Robbie - Life was not lost do to exemplified law-enforcement professionalism but to the fact that the FLDS follows the teaching from the Christian Bible to Turn you cheek.
A lot of hate has come forth out of the FLDS raid, and it has steeled me, to further walk away from the Western Culture.
From the sidelines in Wiscosin.
By Robbie
Jun 8, 2008 3:40 PM | Link to this
CPSWatch,
The raid was carried out by the Texas Rangers, and according the their Captain, "Texas Ranger Capt. Barry] Caver said no shots were ever fired on the ranch." [Facts...Facts...Facts...

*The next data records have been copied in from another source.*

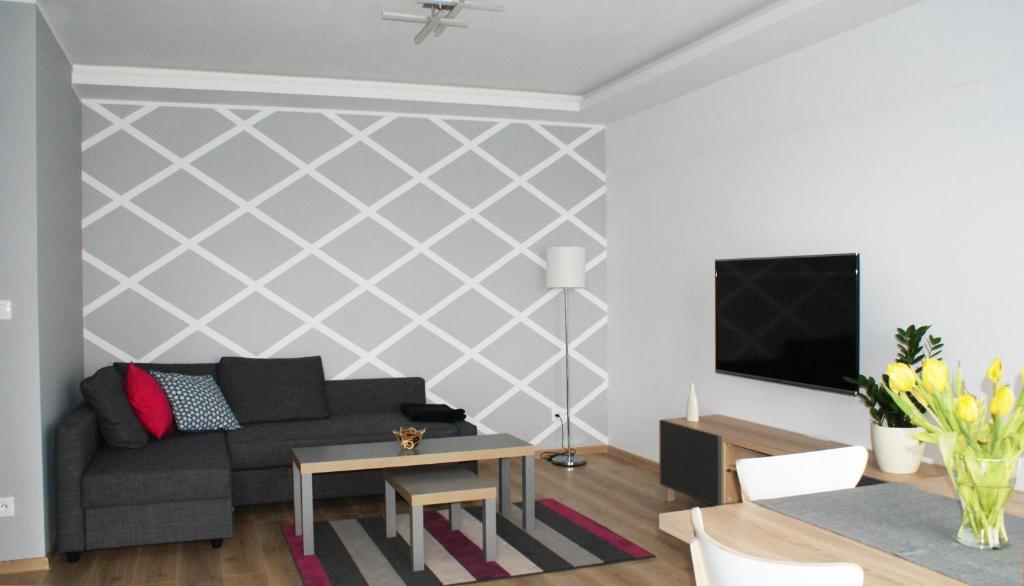 Televízia a/alebo spoločenská miestnosť v ubytovaní Apartament Imagus Oliwa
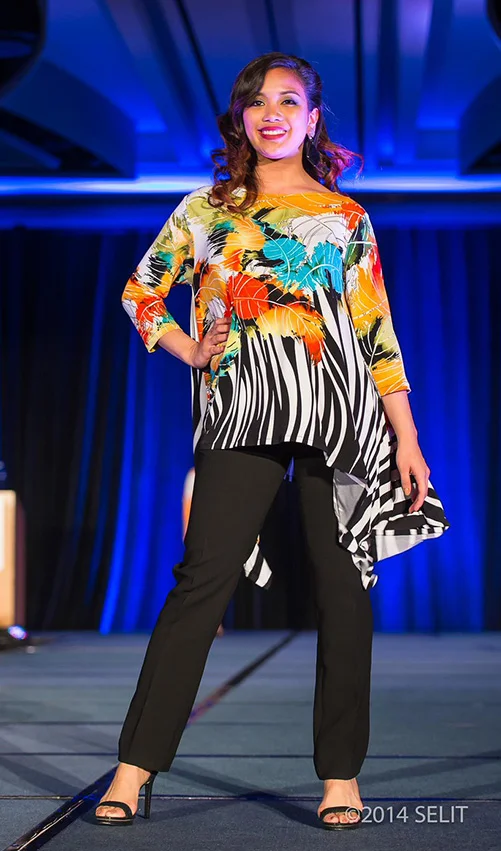 Multi-color leaf and zebra print boat neck handkerchief hem tunic top paired with black straight-legged pants (Photo by Selit Rapadas / UNIT ONE Photography Studio )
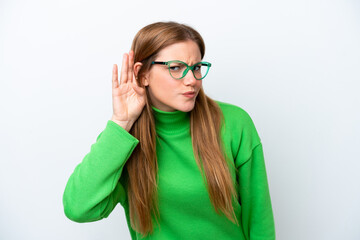 Young caucasian woman isolated on white background listening to something by putting hand on the ear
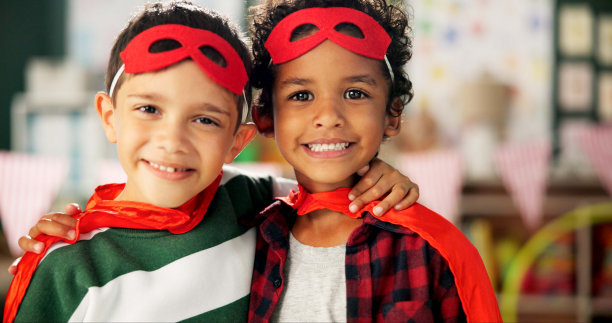 快乐的男孩，照片和朋友拥抱在服装cosplay，万圣节或打扮在学校。孩子们带着微笑，穿着超级英雄的衣服，在教室里寻找伙伴、友谊或支持图片下载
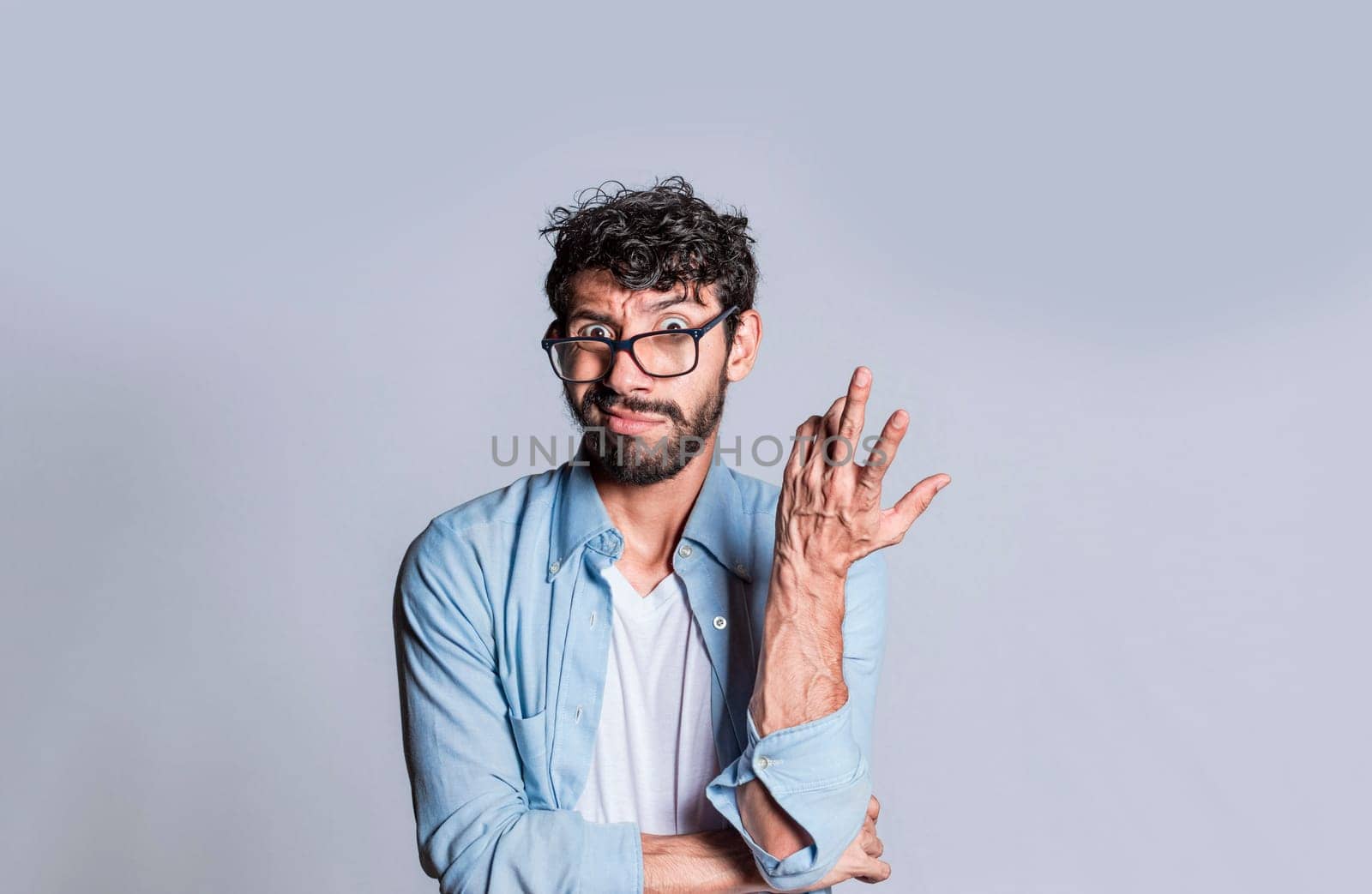 Puzzled man gesturing with one hand, Person with puzzled face frowning, Close up of puzzled people gesturing with hands.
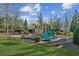 Community playground with slides, climbing structures, and benches at 5705 Windjammer Pt, Cumming, GA 30041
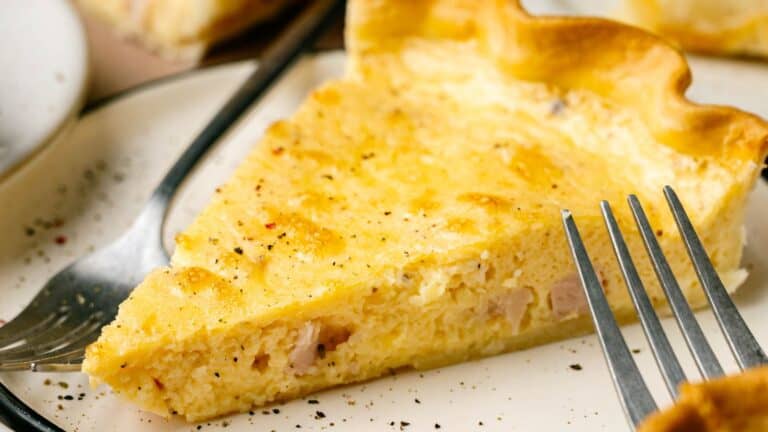 A slice of quiche on a white plate with a fork, showing a golden crust and creamy filling with visible seasoning.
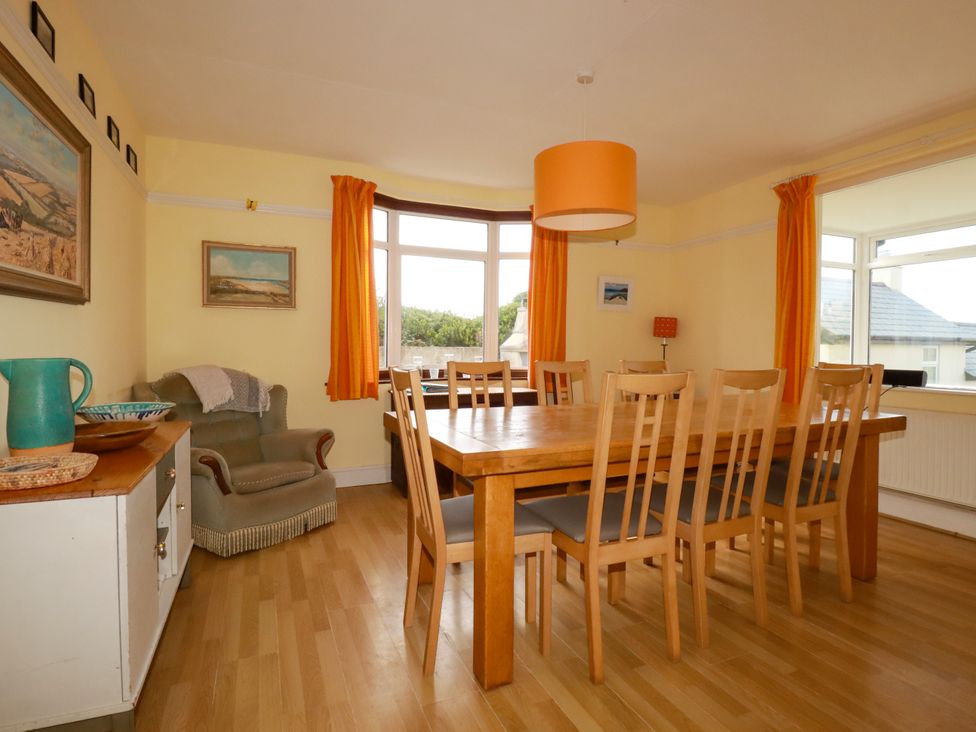 A dining area with a wooden table and chairs at Chy-an-Lowena in Crantock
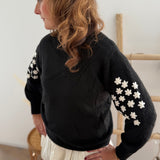 Schwarzer Strickpullover mit verspielten Blumenstickereien auf den Ärmeln in hellbeige.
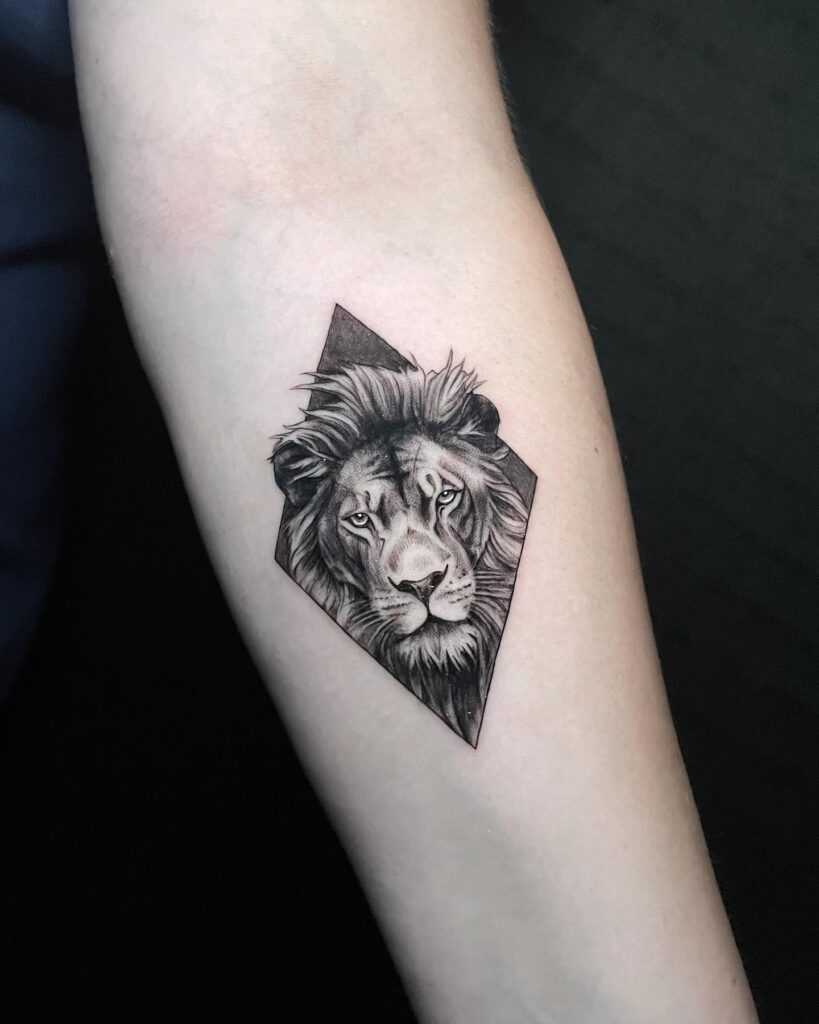 Lion face inside diamond shape black work tattoo on the forearm: diamond majesty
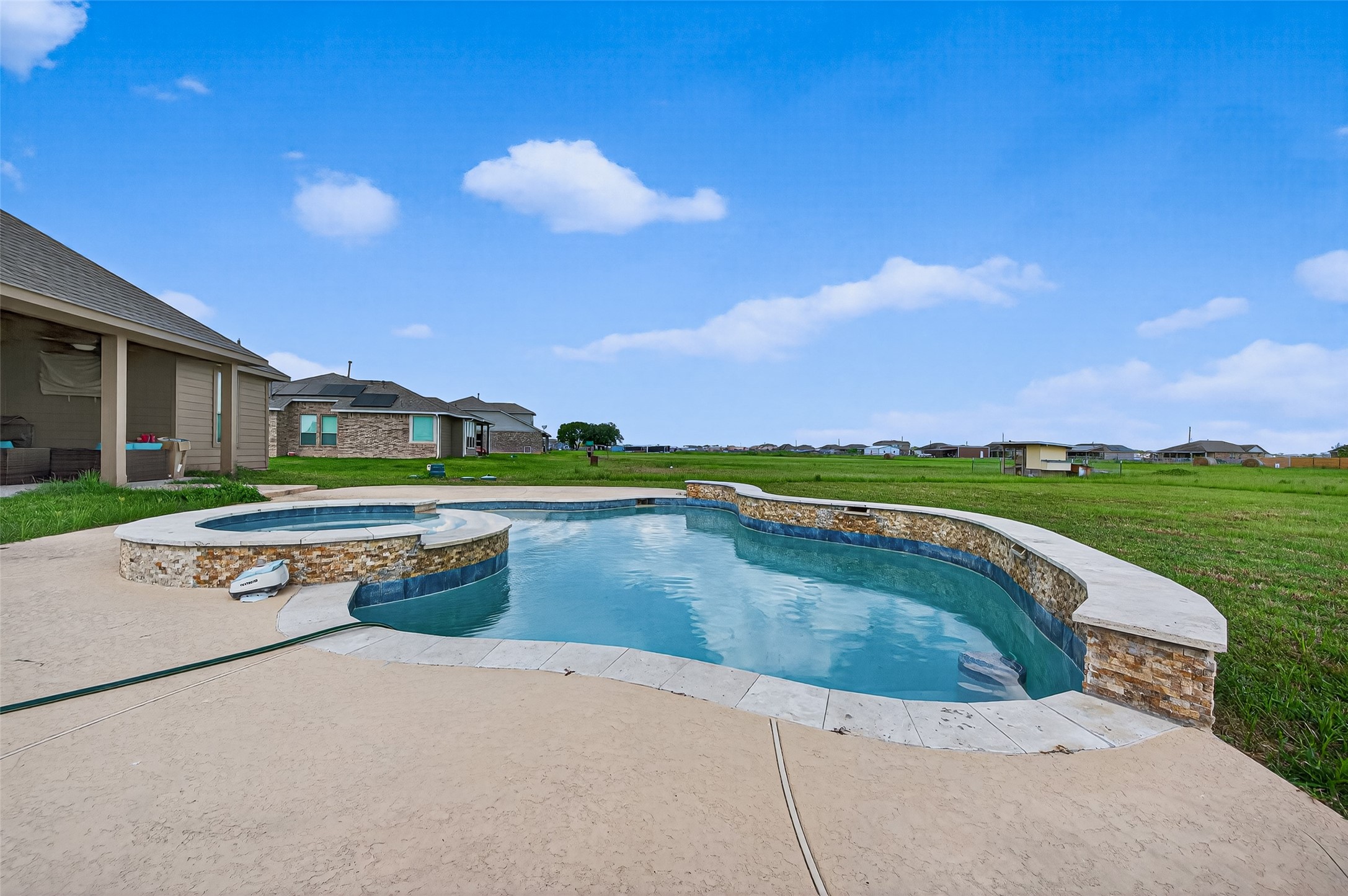 8007 Lehman Road Beasley, TX 77417 - Photo 44 of 47 a view of a swimming pool with a lounge chairs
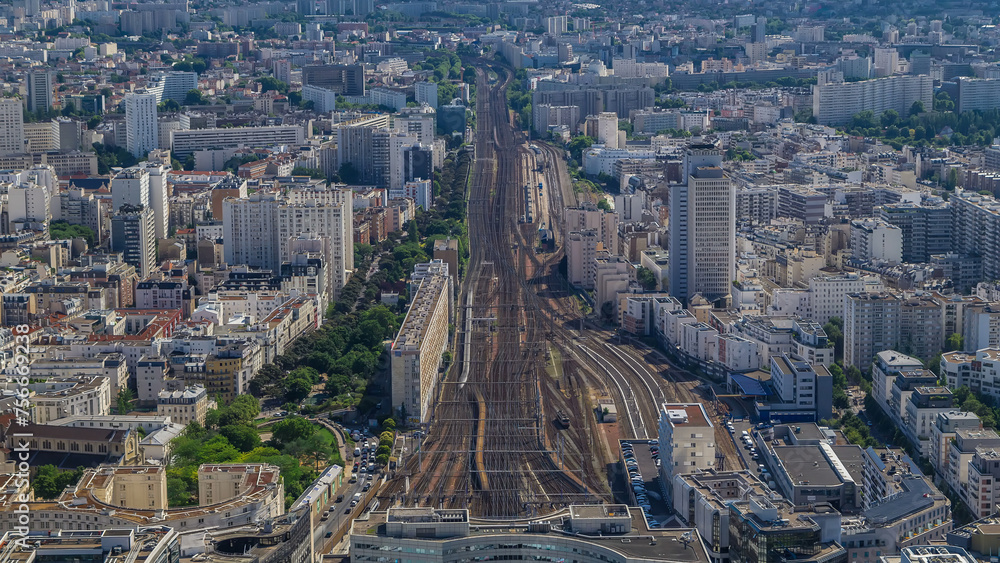 Fototapeta premium Top view of Paris skyline from observation deck of Montparnasse tower timelapse. Paris, France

This story offers as many details of the raid as I have seen.
By CPSWatch
Jun 8, 2008 11:10 AM | Link to this
Actually, shots were fired by the police. FLDS did not return the fire. Facts...Facts...Facts... the truth is bad enough, we don't need to exaggerate it.
By Robbie
Jun 8, 2008 9:36 AM | Link to this
This is weird. What I'm about to say shocks me. Good editorial, John. The State of Texas showed resolve in this matter, having learned from the past law-enforcement blunder, in removing children from their abusers. Not a shot was fire, nor life lost in this "raid" which exemplified law-enforcement professionalism.
It all seems to be in vain considering that the children are now back in the hands of their abusers while the investigation is still pending. Shame on those judges for allowing those children to return to that environment before the legal system had the chance to prove guilt or innocense. With the children away, the chance for continued abuse by FLDS elders was zero. Now that the judges have returned them, that chance looms in the back of the minds of those children. Should that abuse continue, the responsibility lies directly on the shoulders of those appointed to direct justice.
By Fred
Jun 8, 2008 8:00 AM | Link to this
Waco's Branch Davidian Children's "slaughter" will never be forgotten. Remember Waco.
By Doug
Jun 8, 2008 6:57 AM | Link to this
Good editorial! Thanks on behalf of children - and child advocates.